How to complete this task: Type out the data exactly as given. Skip any image.

Data extract:
========

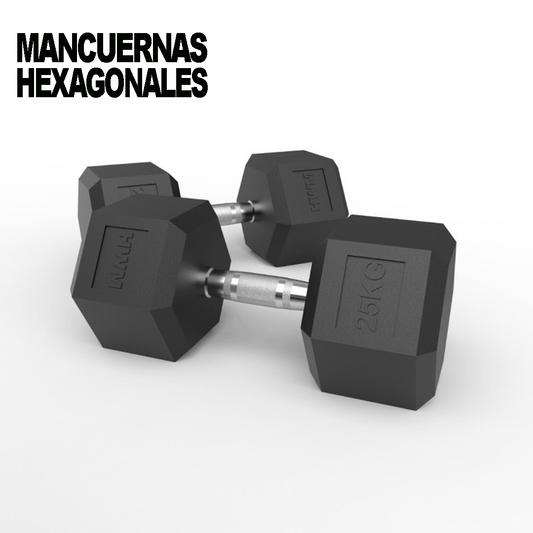 Mancuernas Hexagonales De Caucho 25kg (Par)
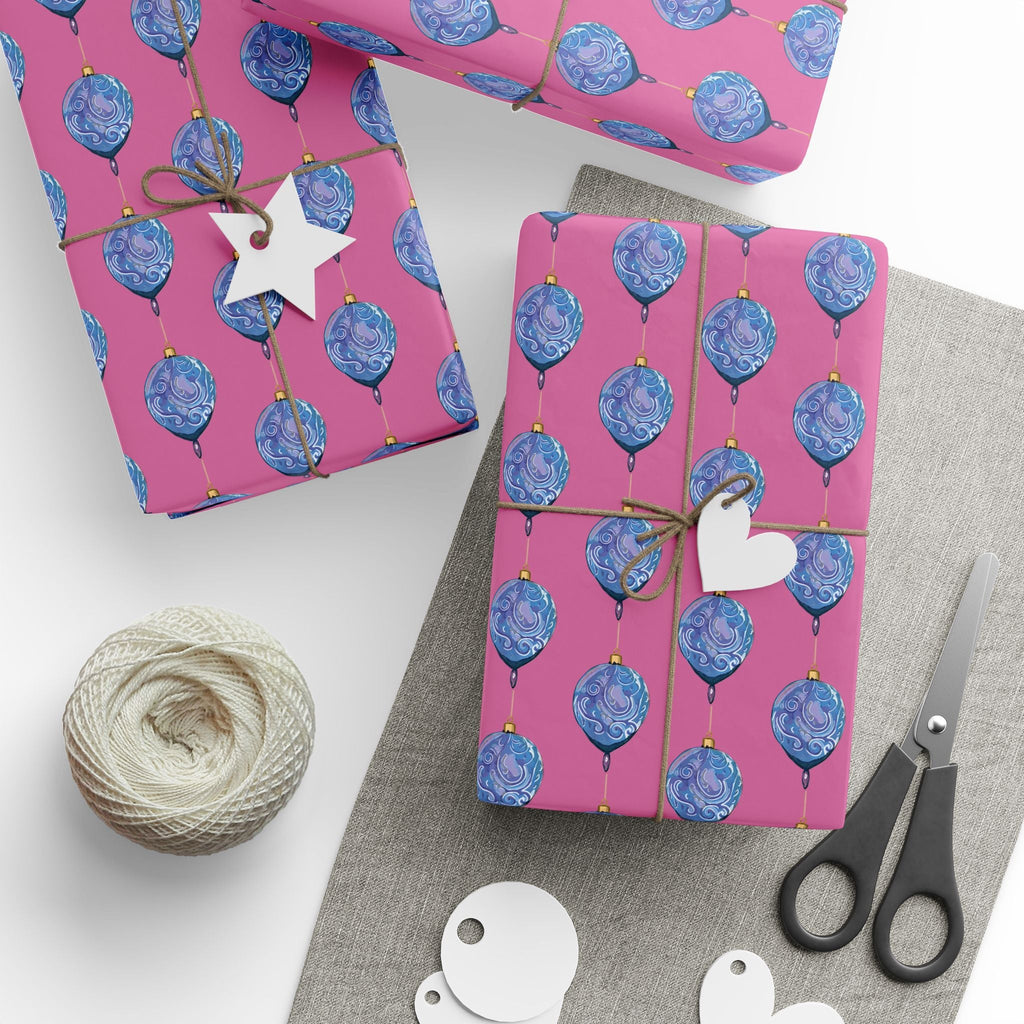 Ornamental Christmas Gift Wrapping Paper - Eco Friendly - Blue Cava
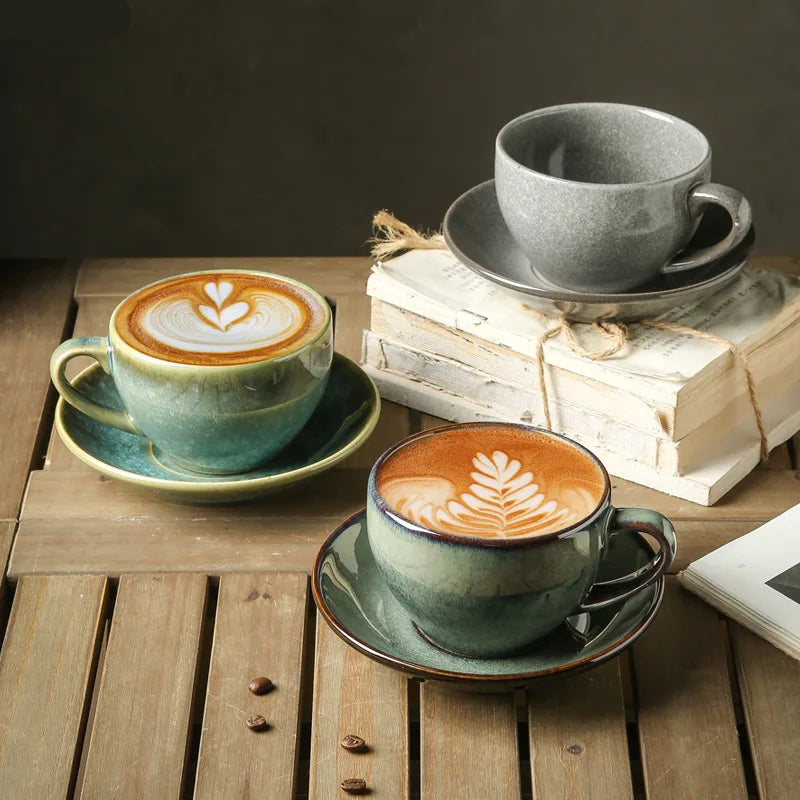 Vintage Handcrafted Ceramic Coffee/Tea Cup & Saucer – Rustic Artisan Latte Mugs for Modern Café‑Style Kitchen Décor - Available in 6 Colors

========

Solved exercise:
 Mancuernas Hexagonales De Caucho 25kg (Par)
 Ornamental Christmas Gift Wrapping Paper - Eco Friendly - Blue Cava
 Vintage Handcrafted Ceramic Coffee/Tea Cup & Saucer – Rustic Artisan Latte Mugs for Modern Café‑Style Kitchen Décor - Available in 6 Colors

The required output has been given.